Oznacza to, że Winiarski i Dusowski rozpoczynaliby od starcia z Grzegorzem Klimkiem i Rafałem Matusiakiem, a Rydzewski i Ciszewski wpadliby na Krzysztofa Hajbowicza i Piotra Głogowskiego.
- Z tą parą mamy rachunki do wyrównania, gdyż dwa miesiące temu przegraliśmy z nią po trzysetowej walce w Starogadzie - przypomina Winiarski.
- Po raz kolejny będę musiał stanąć naprzeciw zawodnika, z którym wcześniej grałem w parze. Z Hajbowiczem zająłem przed trzema laty siódme miejsce. Zresztą przeciwko Ciszewskimu też grałem na mistrzostwach Polski - zauważa Rydzewski.
W Sopocie, w drodze do trzeciego miejsca, gdańska para wygrała z Andrzejem Piotrowskim i Tomaszem Karbowiczem (łódzkie), Ungeheuerem i Wójtowiczem, a w meczu o trzecie miejsce pokonała Knasieckiego i Wieczorka 19:21, 21:14, 15:12.

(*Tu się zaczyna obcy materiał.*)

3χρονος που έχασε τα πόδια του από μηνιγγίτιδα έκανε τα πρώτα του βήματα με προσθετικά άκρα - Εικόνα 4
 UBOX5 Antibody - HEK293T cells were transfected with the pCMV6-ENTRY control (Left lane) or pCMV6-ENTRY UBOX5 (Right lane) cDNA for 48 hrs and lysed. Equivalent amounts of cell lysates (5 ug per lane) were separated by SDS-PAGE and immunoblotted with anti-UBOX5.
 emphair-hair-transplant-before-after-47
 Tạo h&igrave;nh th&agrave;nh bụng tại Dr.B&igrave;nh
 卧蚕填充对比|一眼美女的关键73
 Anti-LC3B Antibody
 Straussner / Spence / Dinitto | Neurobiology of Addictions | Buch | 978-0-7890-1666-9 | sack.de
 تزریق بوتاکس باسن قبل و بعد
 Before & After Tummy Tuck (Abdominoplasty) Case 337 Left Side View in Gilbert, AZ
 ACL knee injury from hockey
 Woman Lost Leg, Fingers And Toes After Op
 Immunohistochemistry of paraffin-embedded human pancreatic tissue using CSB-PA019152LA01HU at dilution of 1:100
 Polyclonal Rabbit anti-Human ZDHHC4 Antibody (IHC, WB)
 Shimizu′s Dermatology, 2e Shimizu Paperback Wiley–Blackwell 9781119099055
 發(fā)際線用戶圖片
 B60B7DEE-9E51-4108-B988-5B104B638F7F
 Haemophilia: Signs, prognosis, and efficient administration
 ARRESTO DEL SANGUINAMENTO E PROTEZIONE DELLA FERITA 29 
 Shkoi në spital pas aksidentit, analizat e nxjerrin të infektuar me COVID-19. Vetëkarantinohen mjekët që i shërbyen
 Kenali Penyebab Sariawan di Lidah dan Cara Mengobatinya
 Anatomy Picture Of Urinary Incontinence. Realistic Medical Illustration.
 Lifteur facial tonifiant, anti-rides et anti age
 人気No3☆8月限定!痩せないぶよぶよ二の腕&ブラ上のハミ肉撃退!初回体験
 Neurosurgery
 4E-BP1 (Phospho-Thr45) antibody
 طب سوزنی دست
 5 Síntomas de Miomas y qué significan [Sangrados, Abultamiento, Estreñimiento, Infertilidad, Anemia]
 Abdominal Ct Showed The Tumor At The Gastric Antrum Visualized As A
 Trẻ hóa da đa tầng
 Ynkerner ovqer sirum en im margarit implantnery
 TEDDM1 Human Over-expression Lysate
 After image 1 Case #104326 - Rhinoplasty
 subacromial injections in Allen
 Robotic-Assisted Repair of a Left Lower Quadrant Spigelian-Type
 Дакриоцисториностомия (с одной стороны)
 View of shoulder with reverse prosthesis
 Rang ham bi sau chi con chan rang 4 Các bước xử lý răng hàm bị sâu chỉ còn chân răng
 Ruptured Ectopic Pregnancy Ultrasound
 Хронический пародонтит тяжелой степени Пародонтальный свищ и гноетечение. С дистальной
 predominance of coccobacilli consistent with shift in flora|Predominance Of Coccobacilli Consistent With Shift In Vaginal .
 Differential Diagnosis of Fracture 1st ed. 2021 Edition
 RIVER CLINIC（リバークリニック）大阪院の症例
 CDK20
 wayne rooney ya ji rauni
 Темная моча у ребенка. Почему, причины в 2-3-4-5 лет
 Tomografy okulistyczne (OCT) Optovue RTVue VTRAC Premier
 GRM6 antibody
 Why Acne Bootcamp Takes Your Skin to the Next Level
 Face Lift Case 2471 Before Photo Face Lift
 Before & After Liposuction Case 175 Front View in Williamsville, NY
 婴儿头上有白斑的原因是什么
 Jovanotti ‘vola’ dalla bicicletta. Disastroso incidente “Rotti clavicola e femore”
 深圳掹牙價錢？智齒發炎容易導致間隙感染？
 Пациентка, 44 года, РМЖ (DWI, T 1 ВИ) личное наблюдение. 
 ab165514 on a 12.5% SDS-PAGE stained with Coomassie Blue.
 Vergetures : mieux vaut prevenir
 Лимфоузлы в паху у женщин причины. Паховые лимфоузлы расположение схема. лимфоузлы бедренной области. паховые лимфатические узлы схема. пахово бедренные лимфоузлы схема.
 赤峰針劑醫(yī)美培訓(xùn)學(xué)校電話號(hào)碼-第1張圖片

- Uwierzyliśmy, że stać nas na trzecie miejsce po... przegranej w drugim secie z Winiarskim i Dusowskim 19:21. Co prawda to niepowodzenie zepchnęło nas na drugą stronę drabinki, ale udowodniliśmy, że i z niej można awansować - dodaje Rydzewski.
Najlepsze pary otrzymały nagrody ufundowane przez Isostar, Ziaję i Velux.